Material for the task START
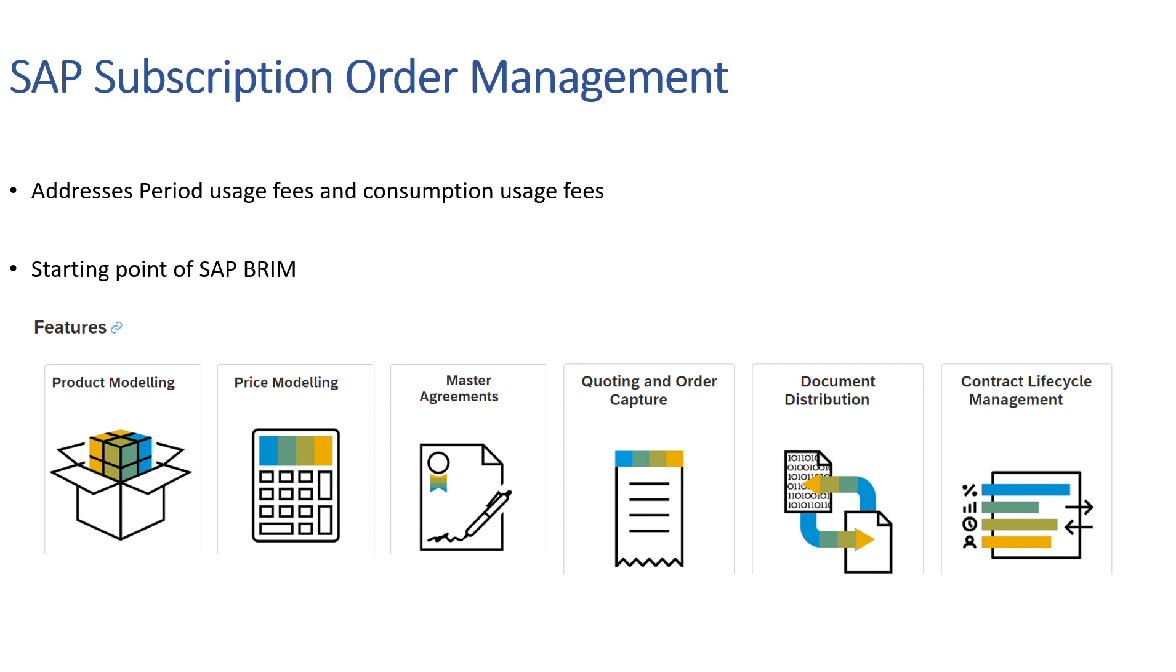SOM is the starting point for SAP BRIM as it manages contract lifecycles and product catalogs including bundles of services and physical goods. Once these activities are done, SOM creates orders that are then fulfilled by core SAP ERP system. The order information is then passed to the next component SAP CC for charging or rating definition and processing.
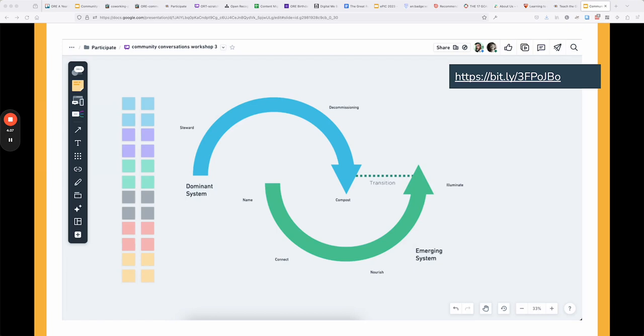In the workshop we did an exercise where we talked about what kind of dominant systems other people are working within. We saw a lot of great examples — political systems that people think are starting to change, and very specific systems around housing resources. For example, a dominant system like using Google Drive could be replaced by an emerging system like a wiki, where you don't have to deal with the sharing features. There are a lot of ways to look at what a system actually is.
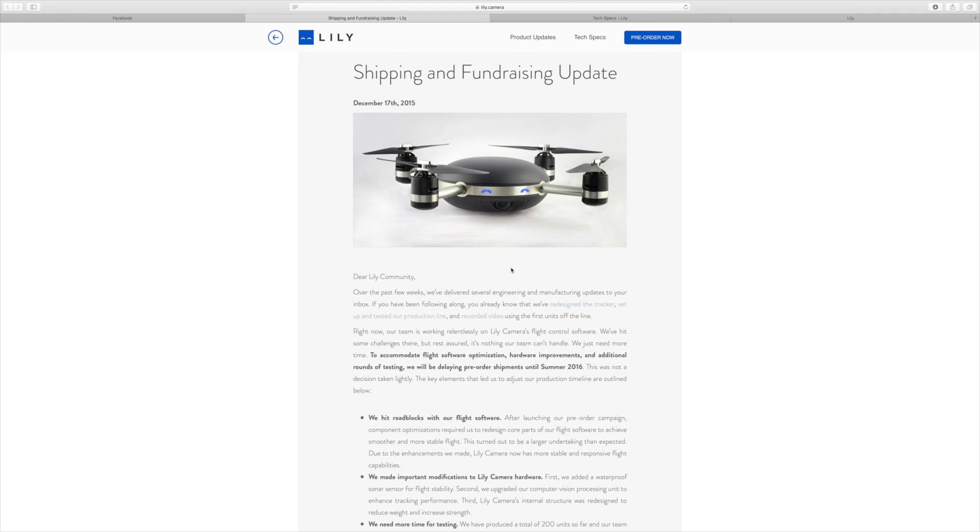Hi Jack Hodgins. This is a quick video. It's not one of my usual normal ones. I wanted to talk about the Lily Drone. Lily Drone has been forgotten about now. I came across this on a Facebook post where they are saying shipping and fundraising updates.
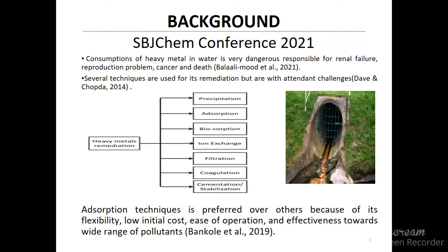Many methods have been used to remediate pollutants from wastewater, but these methods come with attendant challenges. Precipitation, for instance, produces large sludge that will need secondary treatment. Also, filtration is limited in its application.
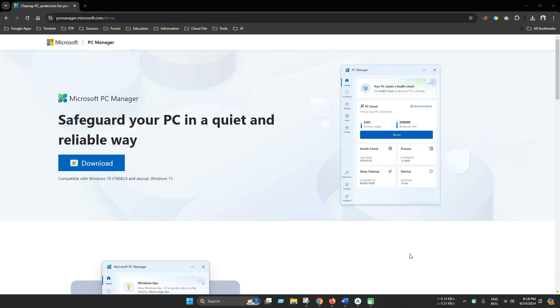Hello everyone. Today I'm excited to introduce a brand new tool from Microsoft that's designed to make your PC run smoother and faster. It's called Microsoft PC Manager.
Material for the task END
Directions for this task = From the line containing "Many methods have" down to the final line of the listing above, write out only those lines exactly as they are, minus the pictures.

Response area =
Many methods have been used to remediate pollutants from wastewater, but these methods come with attendant challenges. Precipitation, for instance, produces large sludge that will need secondary treatment. Also, filtration is limited in its application.
Hello everyone. Today I'm excited to introduce a brand new tool from Microsoft that's designed to make your PC run smoother and faster. It's called Microsoft PC Manager.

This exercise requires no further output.